WASHINGTON, The Washington Post
In its first two months, the Bush administration has managed to defuse some of the international opposition to its missile defense plans by showing determination to proceed, appealing for unity among allies and engaging in subtle horse trading, particularly with Britain.
The administration’s strategy in meetings with foreign leaders — including British Prime Minister Tony Blair and South Korean President Kim Dae-jung — has been to seek accord on the fundamental need for some kind of missile defense, while postponing discussion of precisely what type of system should be built and how to rewrite arms control agreements to allow it.
Blair and Kim made clear that they continue to have concerns about America’s plans. But under the White House’s prodding, both of them signed nearly identical communiques acknowledging the existence of long-range missile threats and the need for defense to be part of a strategy against such threats.
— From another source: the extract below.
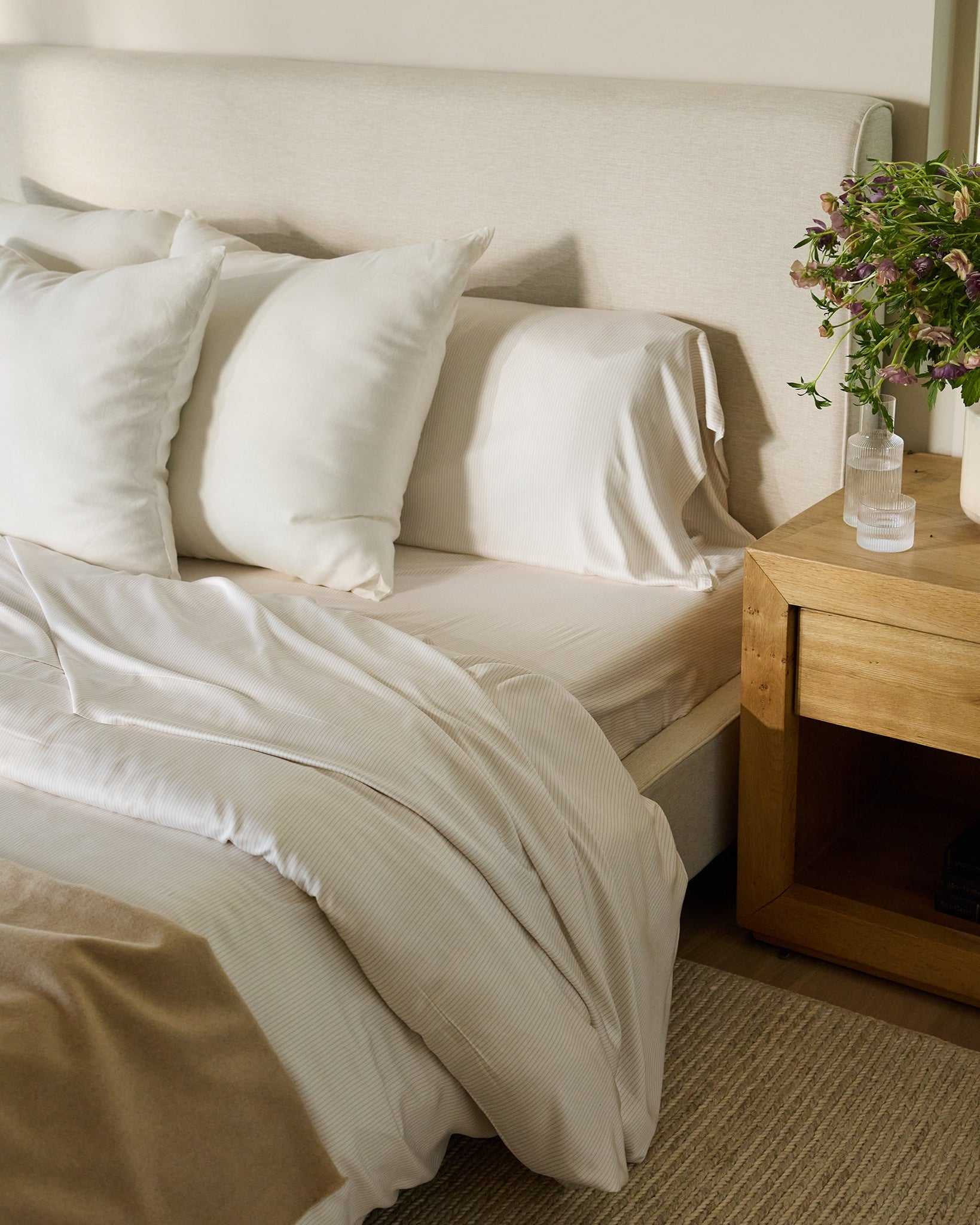 A cozy bedroom scene featuring a bed adorned with Cozy Earth's Bamboo Duvet Cover, complemented by white pillows and sheets, a beige blanket, and a light beige headboard. A wooden nightstand holds a potted plant and a glass of water, with books neatly stacked below. A window with greenery is in the background. |Color:Driftwood Pinstripe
“We’re not expecting anyone to say, ‘Gee, anything the Americans do we’ll be happy with,'” a senior Bush administration official said before the Kim meeting.”What we’re looking for is that they understand that the world has changed, that they understand it takes offensive and defensive, as well as nonproliferation, efforts to deal with a changing world. And that they understand that the president of the United States is absolutely serious about deployment of missile defenses when appropriate. … That’s all we’re asking from anyone at this time.”
Foreign leaders have bowed in part to a sense that a U.S. missile defense system is inevitable. “There is a recognition in the alliance that the decision has been taken and the (Bush) administration will not be talked out of it and that we should have a healthy discussion about how and when,” said NATO’s British secretary general, George Robertson.
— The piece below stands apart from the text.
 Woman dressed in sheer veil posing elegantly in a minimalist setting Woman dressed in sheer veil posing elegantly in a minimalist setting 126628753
During last year’s election campaign, Bush strongly advocated national and theater missile defense systems that would protect not only the 50 states, but also America’s allies and troops stationed abroad. The Clinton administration had pursued a more limited system and had tried, without success, to negotiate with Russia over amendments to the 1972 Anti-Ballistic Missile Treaty, which prohibits national missile defenses. Bush and his advisers dismissed the ABM Treaty as “a relic” and said a system should be built regardless of Russia’s opposition.
Since taking office, however, Bush has neither rushed to abrogate the treaty nor pushed talks with Moscow. Rather, the administration’s priority has been to allay the widespread fear among America’s allies that Bush’s plan could fuel an arms race among countries eager to overwhelm the new defenses, undermine the basic architecture of arms control and separate America, which would possess enormously costly missile defenses, from the rest of the world.
In early February, Defense Secretary Donald Rumsfeld told European leaders gathered in Munich that missile defense “should be of concern to no one, save those who would threaten others.” And to emphasize that America will share its defenses, Bush administration officials have dropped the word “national” when talking about missile defense.
“I think that taking the ‘N’ out of ‘NMD’ has changed perceptions” that the United States would use missile defense to withdraw from, or dictate to, the rest of the world, Robertson said in Washington.
European leaders can afford to soft-pedal their opposition partly because the reality of missile defense is far away. Its technical feasibility remains unproven. The Bush administration has not decided whether it wants a system that intercepts missiles in mid-flight or in their initial “boost” phase. And even if the plans were clear and workable, it would take years — and tens of billions of dollars — to build.
“All the political downsides — seeming disputes with allies, upset with Russia and China — all the negative political effects of these come now even though the military payoff is years down the road,” said another senior Bush administration official. “That’s what we’re dealing with. Part of the job now is getting a common framework.”